Monier, Inc. v. Boral Lifetile, Inc., C.A. No. 3117-VCN (Del. Ch. June 3, 2010), read letter decision here. Read summary of Chancery’s prior decision in this case here.
This letter decision addresses the issue of “what to do about the failure of a party to produce a relevant document that it knew (or should have known) was a proper subject of discovery?” This 12-page letter ruling decided that there would be a two-part remedy for the failure to produce a document required through discovery, as follows: (1) Shifting 1/3rd of the expenses incurred by the other party in pursuing discovery in search of documents that should have been produced; and (2) Awarding the costs, including attorneys’ fees incurred in pursuing the instant motion for sanctions.
The Court’s reasoning can be found primarily on page 7 and on pages 9 and 10. Although the Court concluded that the failure to produce was not the product of a deliberate coverup and therefore the Court did not grant a dismissal of the action, under Rule 37, the Court is given broad discretion to craft a remedy for “discovery shortcomings.” See case cited at footnote 17.
This is a factually intensive analysis and I commend the 12-page decision to anyone who is involved in a motion to compel, especially if sanctions are sought for failure to produce discoverable data.

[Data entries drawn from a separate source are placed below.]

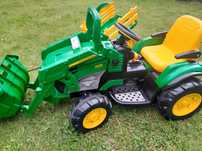Traktorek 2x12v Peg Perego John Deere Tur Przyczepka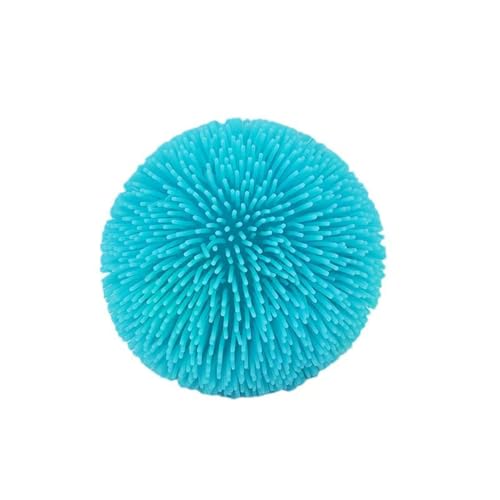 BOSSETY Stressbälle, Haarball-Dekompressionsspielzeug, Antistressbälle für Kinder Erwachsene,Fufu Squishy, Squeeze Spielzeug Squishies Ball 1pc (Blau) von BOSSETY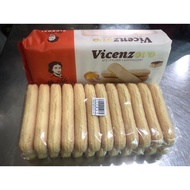 VICENZOVO ITALIAN LADYFINGER BISCUIT RETAIL 100GR X 1PACK U/ CAKE ETC.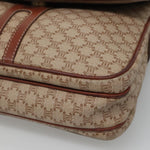 Celine Vintage Macadam Shoulder Bag Canvas and Leather - image 9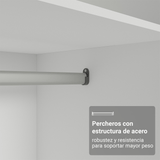 Dormitorio Completo Matrimonial Esquinero 3 Puertas Blanco Neo Madesa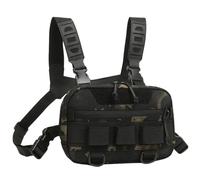 Chest Pack For Men - Oxford Cloth 24x16x6cm 20L | Portable Running Chest Bag, Back Mesh Backpack | Breathable Multi Functional Fanny Pack For Camping Trekking Fitness and Travel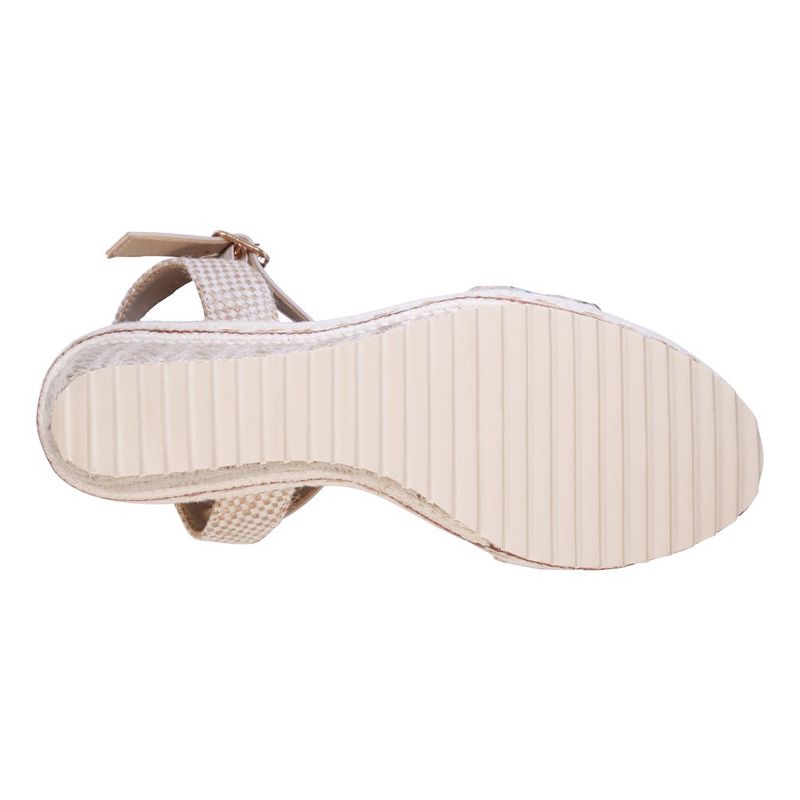 GC Shoes Lauren Slingback Espadrille Wedge Sandals, 5 of 6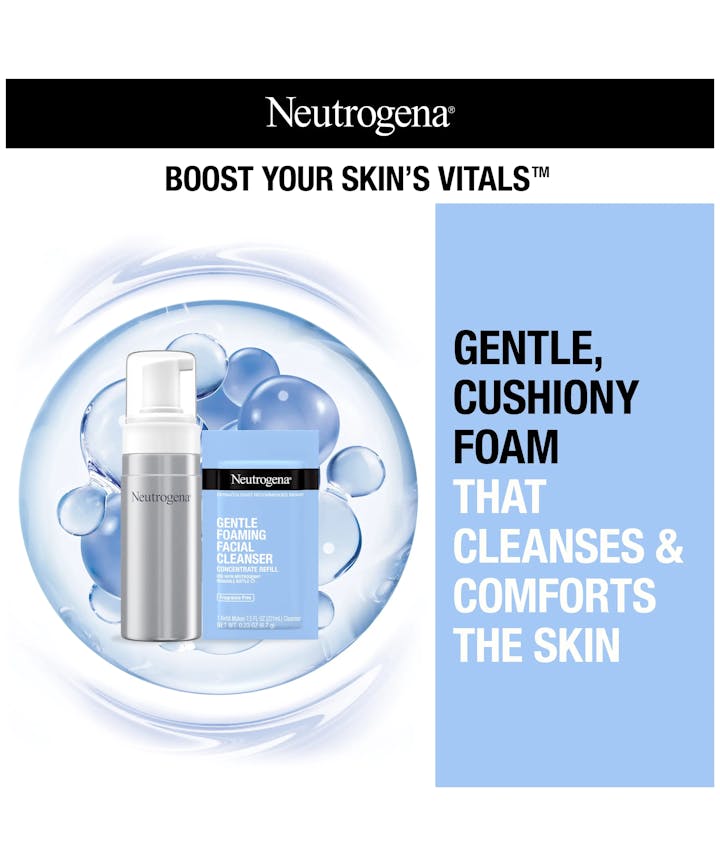 Neutrogena&reg; Gentle Foaming Facial Cleanser Concentrate Refill Pack 7.5 oz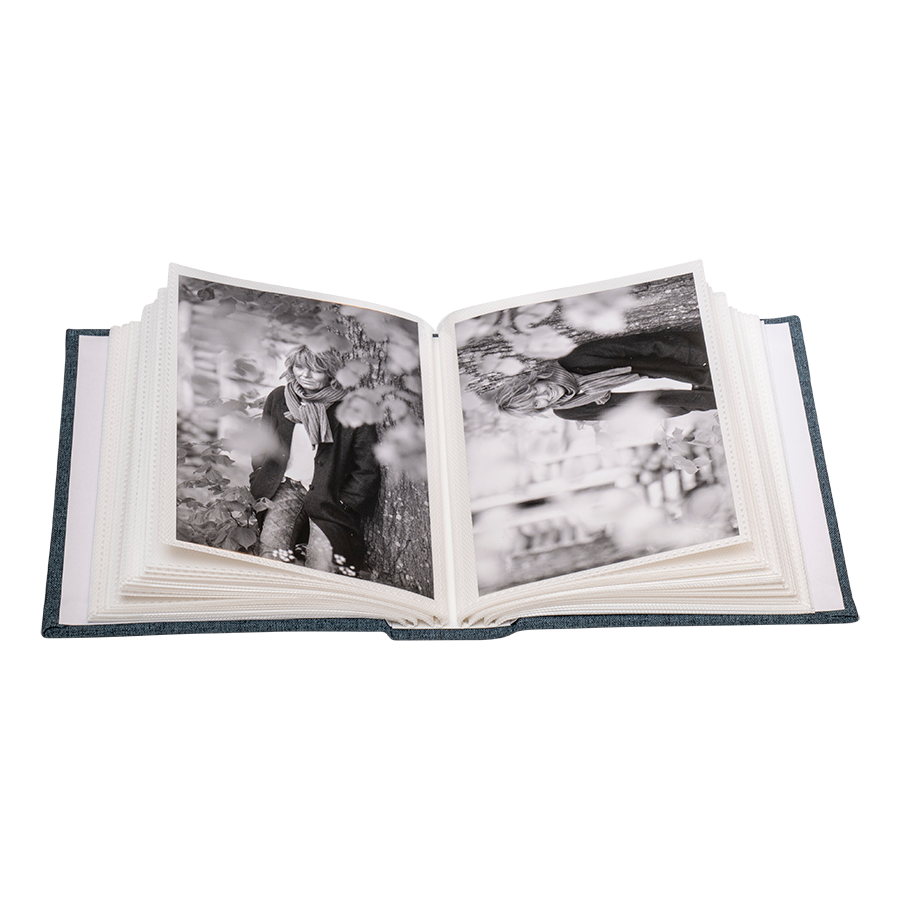 Bilde av Baseline minimax album med lommer-100 bilder-gråmelert
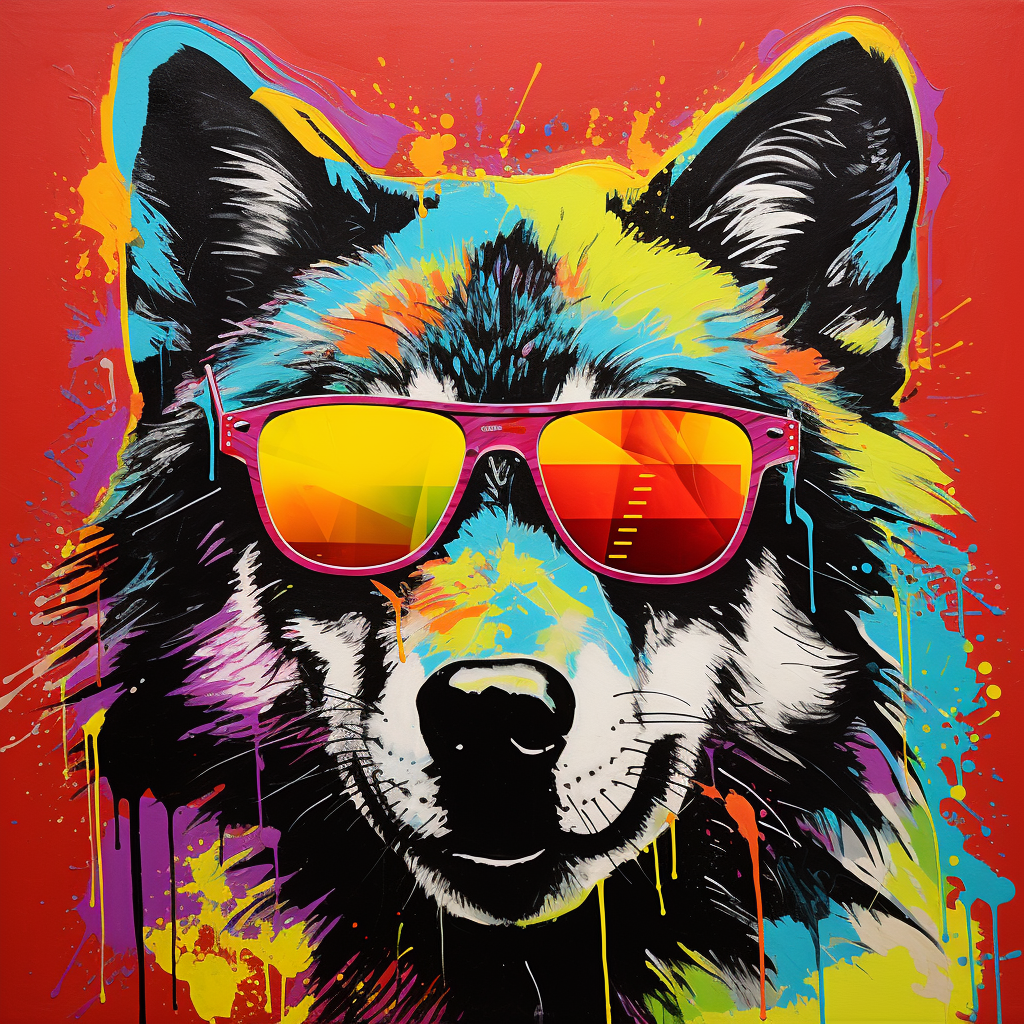 Cool Pop Art Wolf Diamond Art Kit
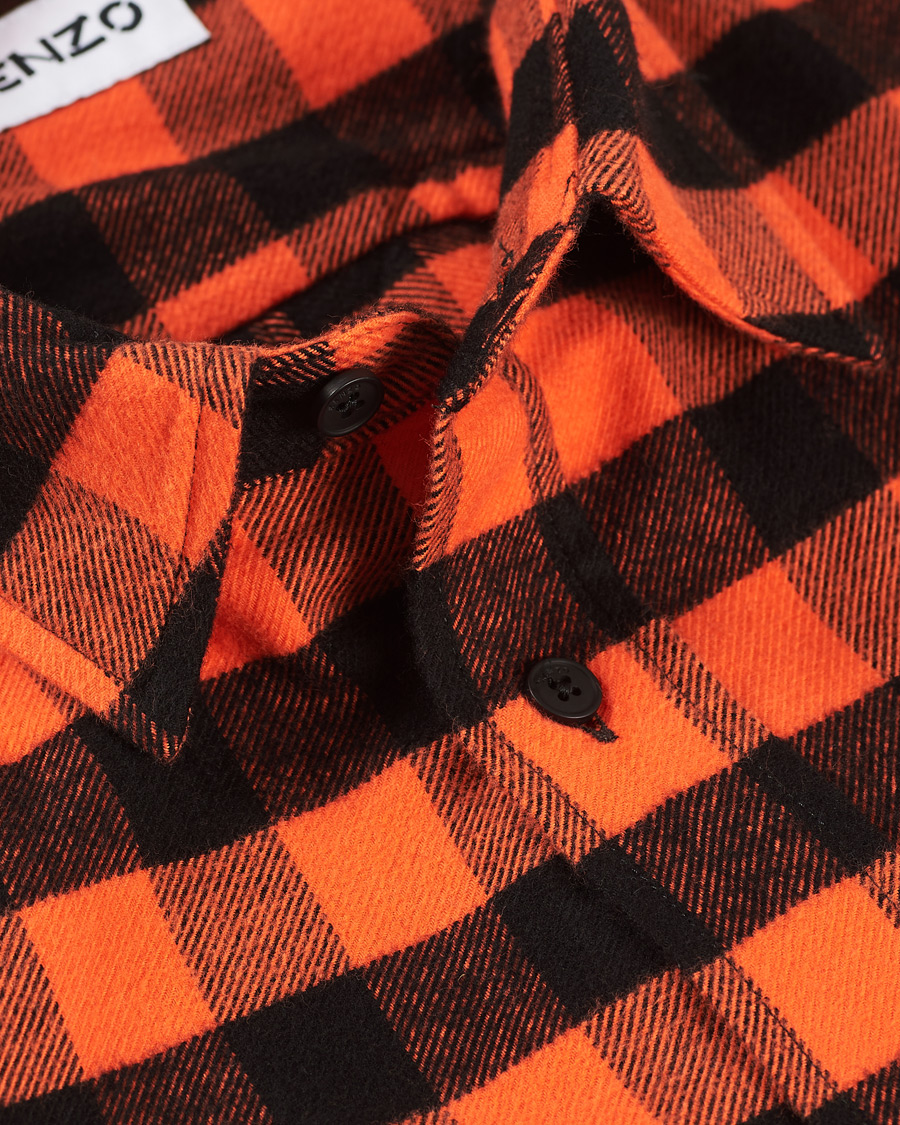 Heren | Overhemden | KENZO | Flannel Shirt Orange Check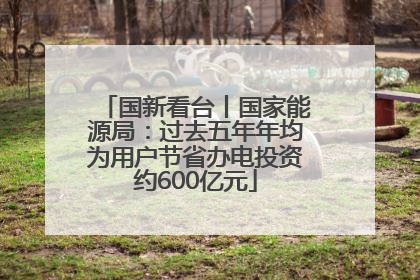 国新看台丨国家能源局：过去五年年均为用户节省办电投资约600亿元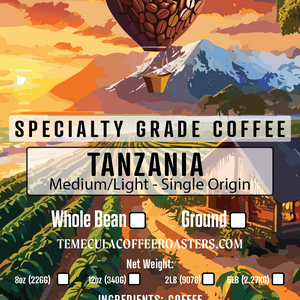 Tanzania - Medium/Light (Peaberry)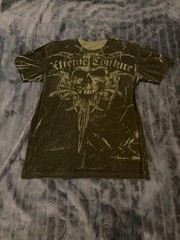 Xtreme Couture Men’s XL Green Skull Graphic Logo Crew Neck Short Sleeve T-Shirt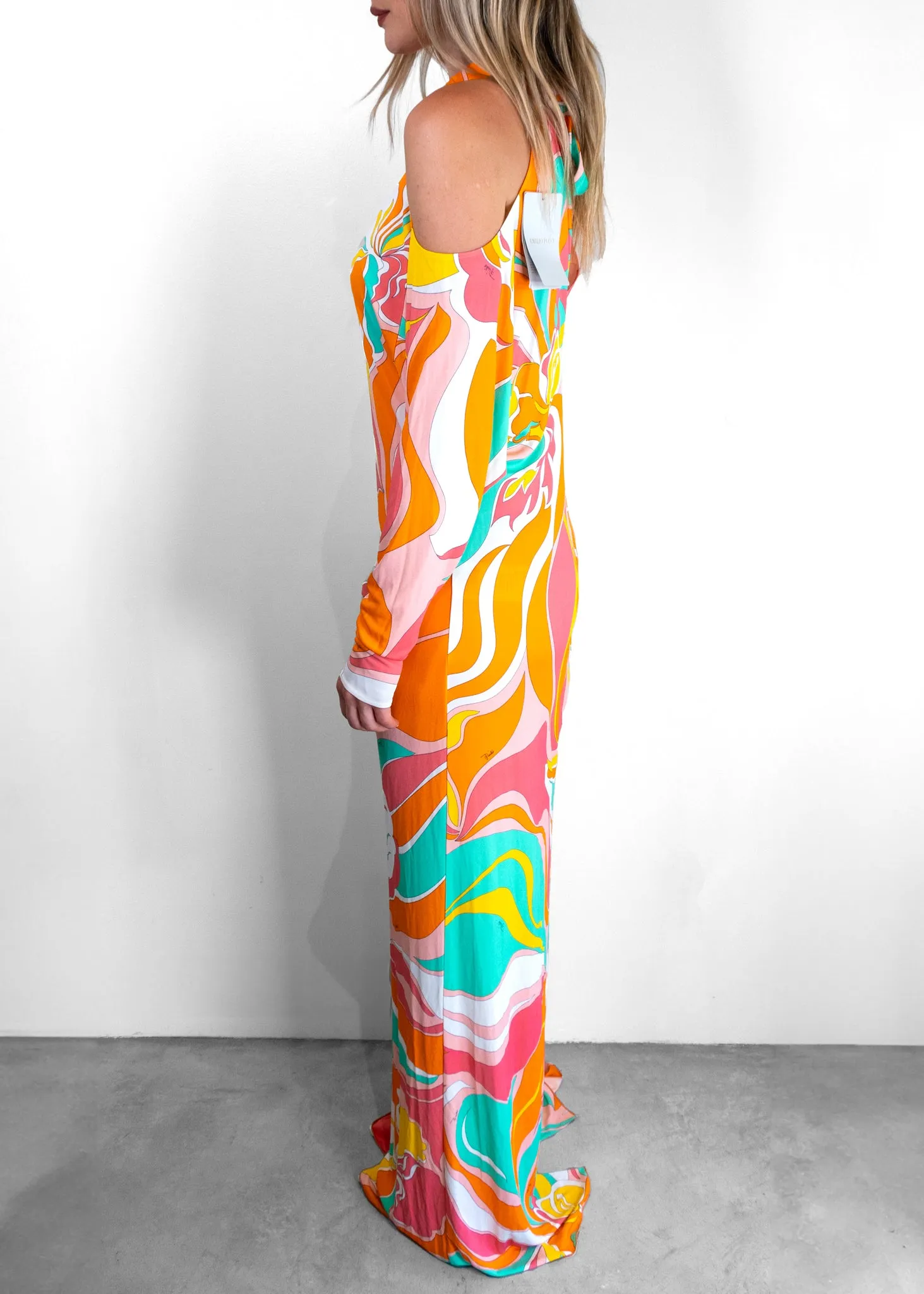 Emilio Pucci Pattern Silk Maxi Dress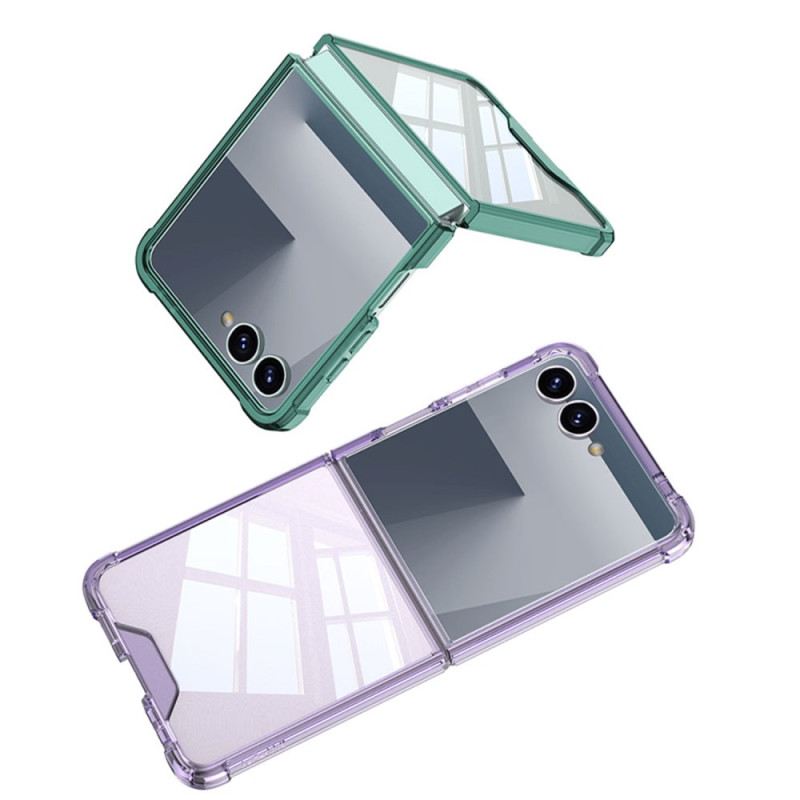 Mobiltelefon Tokok Samsung Galaxy Z Flip 7 Gkk Metál Stílusú Felni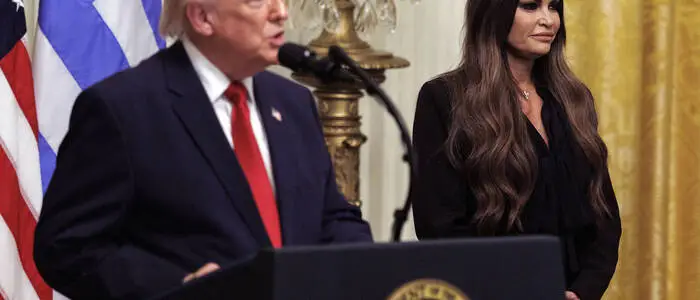 US-Präsident Donald Trump und die US-Botschafterin in Athen, Kimberly Guilfoyle
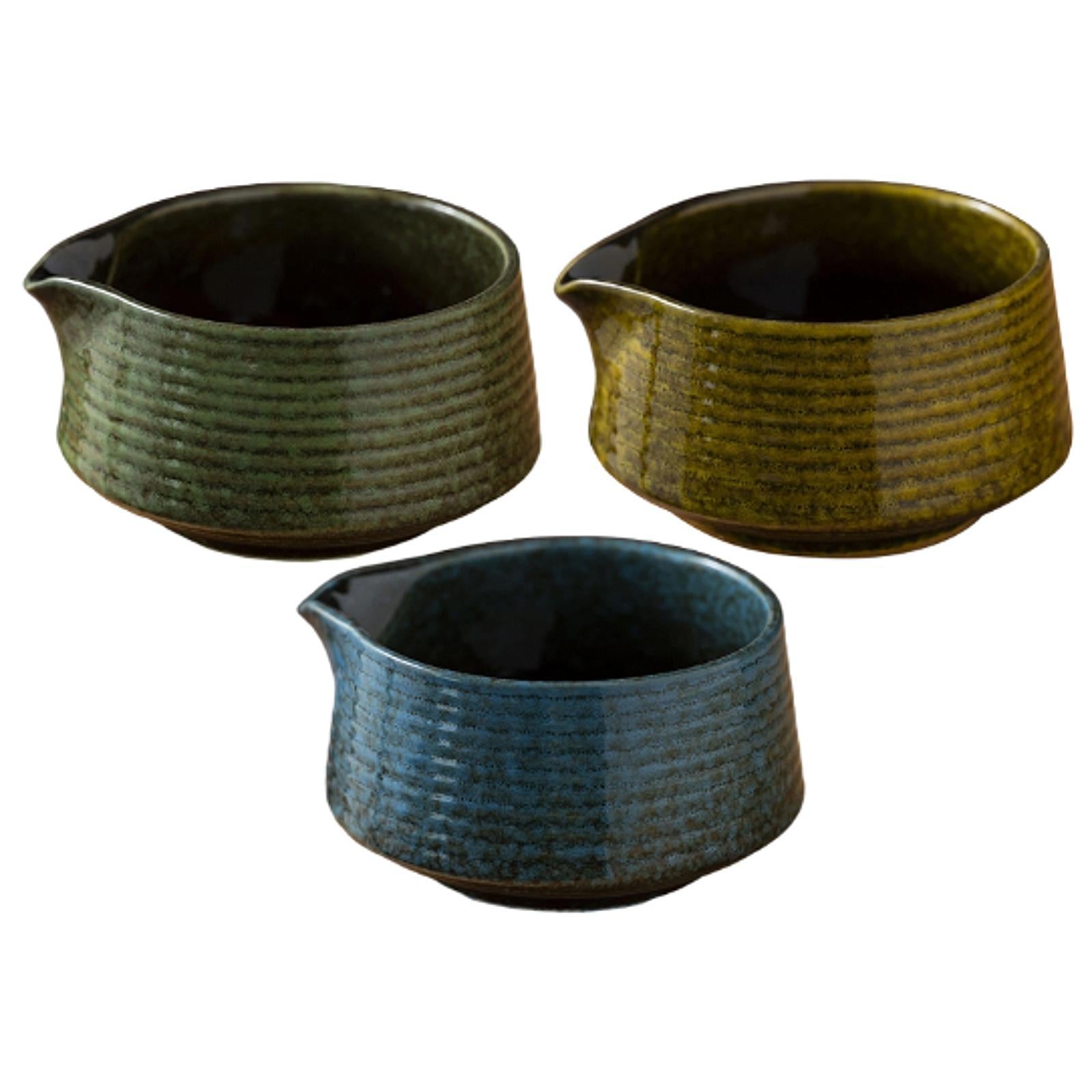 Japanese Matcha Tea Bowl Utensils Handcrafted for Tea Lovers Kitchen Tearoom Green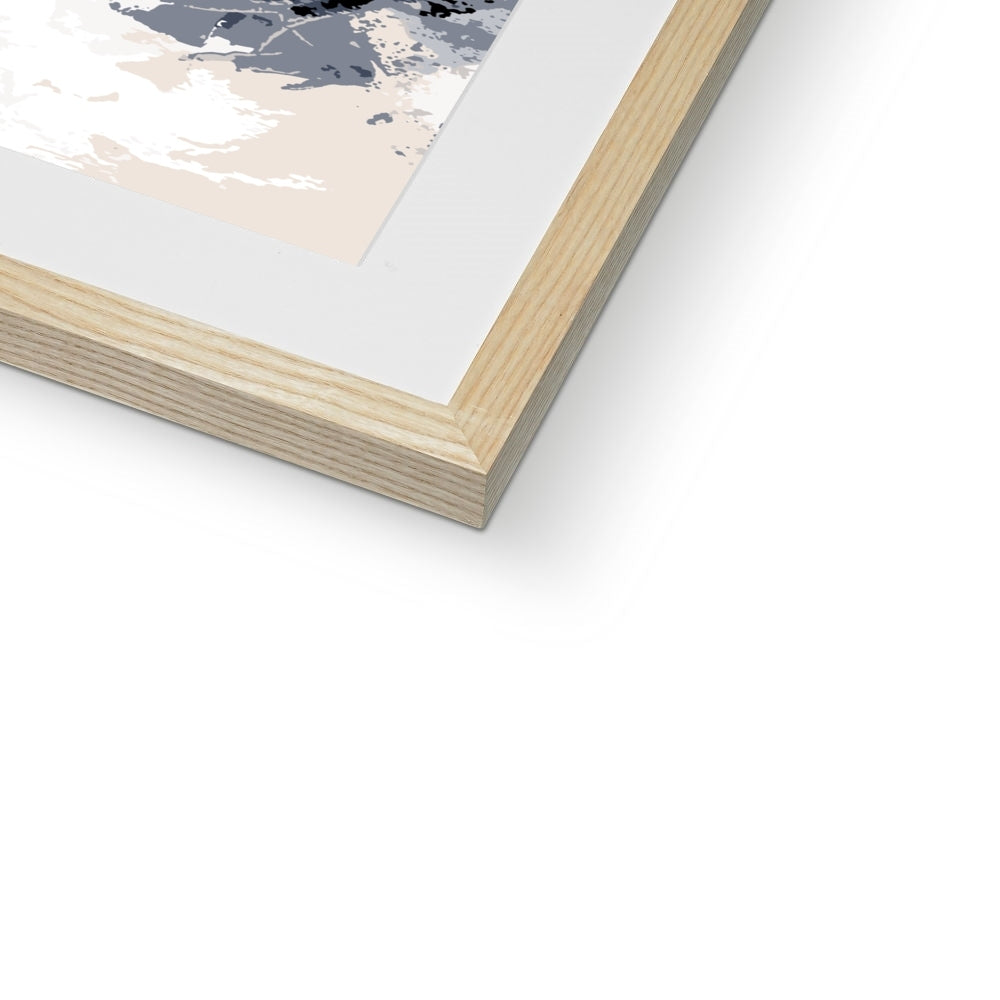 Framed Graphic Art Print, White Mat - 8x8 12x12 16x16 20x20 24x24 28x28 inches | FPS-1220-7693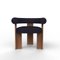 Collector Modern Cassette Chair in Famiglia 45 Fabric and Smoked Oak by Alter Ego 1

One comment that I will make in passing and in conclusion, is that the outcome of motions to compel, perhaps because they are so factually determinative, are somewhat unpredictable in terms of their outcome and depending on the jurist who is hearing the motion to compel, it is becoming increasingly “unsurprising” for the Court to award fees to the prevailing party. See, e.g., recent Court of Chancery decision in Judy v. Preferred Communications Systems, Inc., summarized on this blog here, that also awarded attorneys’ fees, without elaboration or discussion, to the prevailing party in the motion to compel.